I’m tempted to just say “what Krugman said,” and leave it at that. What he said is that just a generation or two ago in the not so boring 1960’s, the boring banking and insurance sectors combined sucked out a seemingly reasonable 4% of American GDP for their services of greasing the wheels of capitalism, in a time of real growth at a pace never seen before or since.
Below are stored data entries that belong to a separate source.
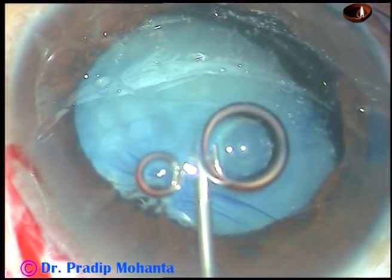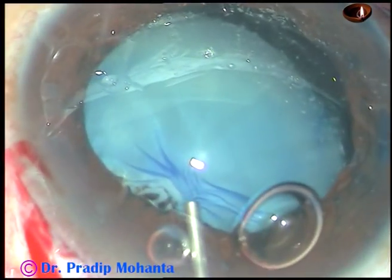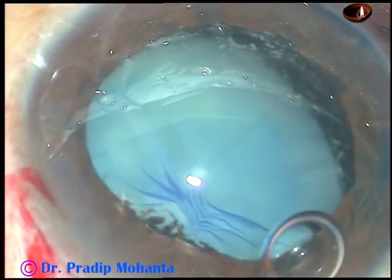Friends, this is a traumatic cataract with capsular tear from 5 o'clock to 9 o'clock. I've taken up this case for surgery. The patient is a 57-year-old lady.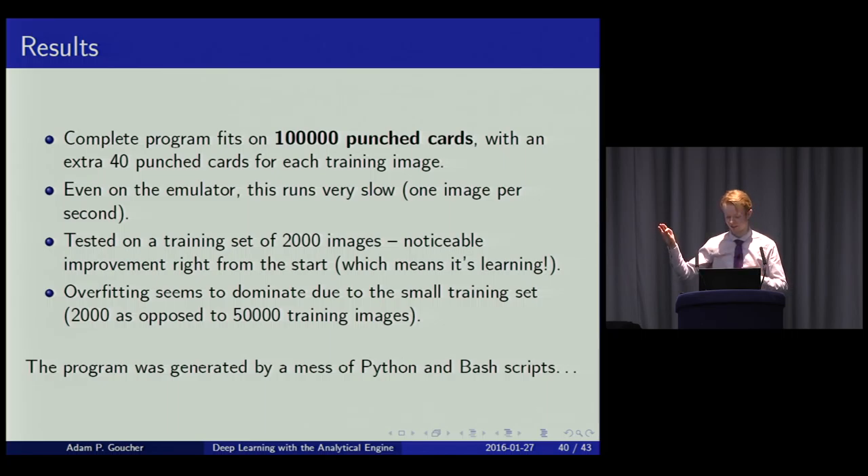Even on the emulator it runs at only one image per second. Testing on a training set of 2,000 images — only got working at 3 o'clock this afternoon — it had progressed from the 10% baseline of random guessing up to 30% accuracy after a few hours. Assuming it's correctly implemented, it should reach 98.5% in several days, or if running on the actual Analytical Engine, several centuries.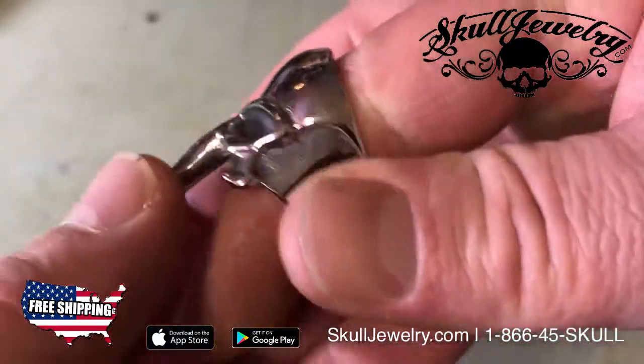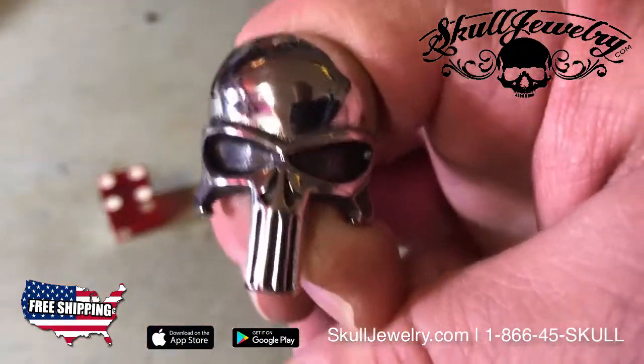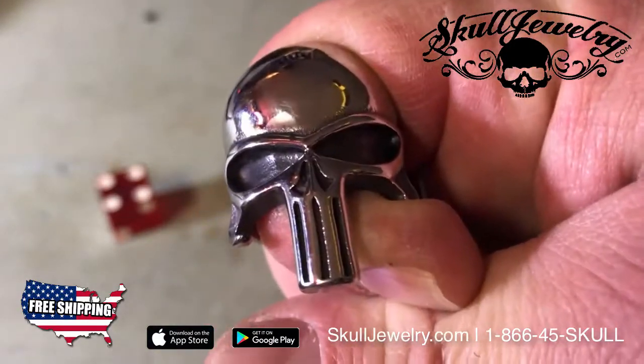We're based in Utah. Anything ordered before 2pm Monday through Friday and noon on Saturday goes out the same day. Again, SkullJewelry.com, or call us toll free and order over the phone at 1-866-45-SKULL.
Fast forward to current times, and Professor Krugman notes, those sectors alone suck out a princely 8% of GDP… we won’t even talk about immense fees paid to mutual funds, pension managers and so forth that makes the financial sector… which is nothing more than a giant croupier… so big and powerful.
The point made is that the justification for this immense growth in this sector, and its companion issue, the securitization of…everything… was supposedly the ability to reduce, systemic risk… when it has, of course, had exactly the opposite effect.
In effect, the financial sector (as noted by Prof. Roubini, cited in a recent post here) was and is a giant Ponzi scheme.
And, it seems, other than fixing the short term problems, there seems precious little overall vision by the Obama Administration that the whole bloody thing cannot go on as before… in short, the fears of many that we are putting off– and worsening, btw– an eventual day of reckoning (think, for example, of what happens the day that the rest of the world tires of loaning us money…) will only be worse.
Well, I don’t know. Americans are an overall “irrationally exuberant” lot… preferring belief in, say, magic, or angels, or Santa Claus, over facts on which there is a scientific consensus… because they might be… hard or something.
Well… there you have it… we can all hope that, against good sense, and the evidence, we will come out unscathed, and everything will be wonderful. I don’t know… given how powerful the croupiers are… I’m not so sure that’s how you bet, or that I’d want to bet at all.